───── DATA LISTING ─────
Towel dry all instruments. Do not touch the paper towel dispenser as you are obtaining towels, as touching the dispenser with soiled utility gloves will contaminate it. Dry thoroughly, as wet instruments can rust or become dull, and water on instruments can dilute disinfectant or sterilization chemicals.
─────
───── DATA LISTING ─────
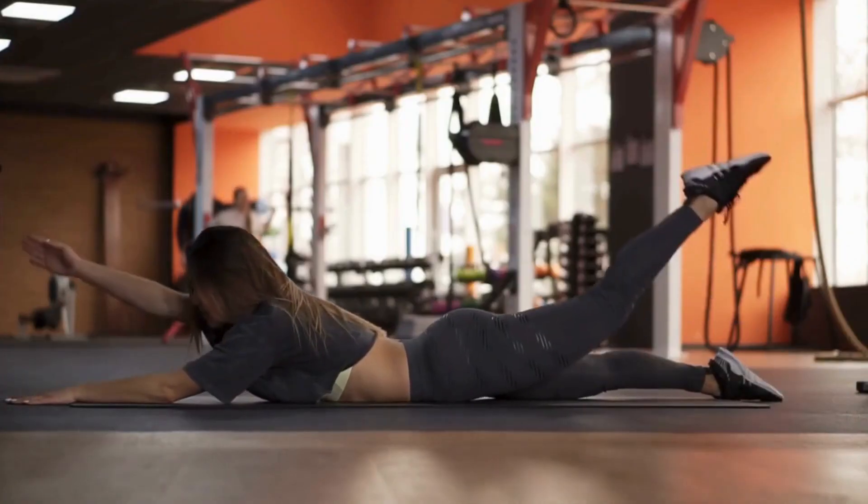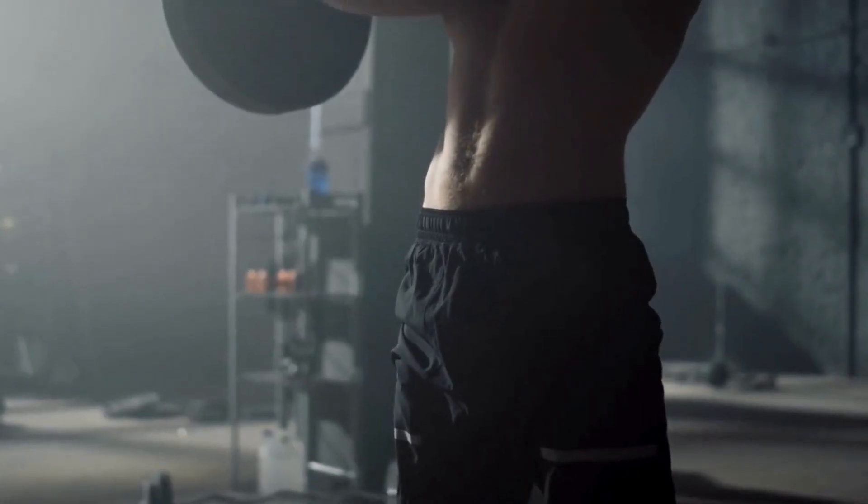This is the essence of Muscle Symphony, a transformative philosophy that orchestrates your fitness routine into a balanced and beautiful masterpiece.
─────
───── DATA LISTING ─────
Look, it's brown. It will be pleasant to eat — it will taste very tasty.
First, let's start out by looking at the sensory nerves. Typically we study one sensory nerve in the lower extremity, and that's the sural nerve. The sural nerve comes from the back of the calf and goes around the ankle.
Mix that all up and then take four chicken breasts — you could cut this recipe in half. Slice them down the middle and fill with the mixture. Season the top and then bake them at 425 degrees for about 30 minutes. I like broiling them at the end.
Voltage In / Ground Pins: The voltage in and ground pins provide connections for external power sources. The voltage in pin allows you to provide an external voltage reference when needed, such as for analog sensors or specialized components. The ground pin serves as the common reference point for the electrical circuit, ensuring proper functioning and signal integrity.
─────
PROMPT:
Copy out the range of lines above starting at the line with "Look, it's brown." and ending at the line with "Voltage In /", exactly and including both.

EXERCISE RESPONSE:
Look, it's brown. It will be pleasant to eat — it will taste very tasty.
First, let's start out by looking at the sensory nerves. Typically we study one sensory nerve in the lower extremity, and that's the sural nerve. The sural nerve comes from the back of the calf and goes around the ankle.
Mix that all up and then take four chicken breasts — you could cut this recipe in half. Slice them down the middle and fill with the mixture. Season the top and then bake them at 425 degrees for about 30 minutes. I like broiling them at the end.
Voltage In / Ground Pins: The voltage in and ground pins provide connections for external power sources. The voltage in pin allows you to provide an external voltage reference when needed, such as for analog sensors or specialized components. The ground pin serves as the common reference point for the electrical circuit, ensuring proper functioning and signal integrity.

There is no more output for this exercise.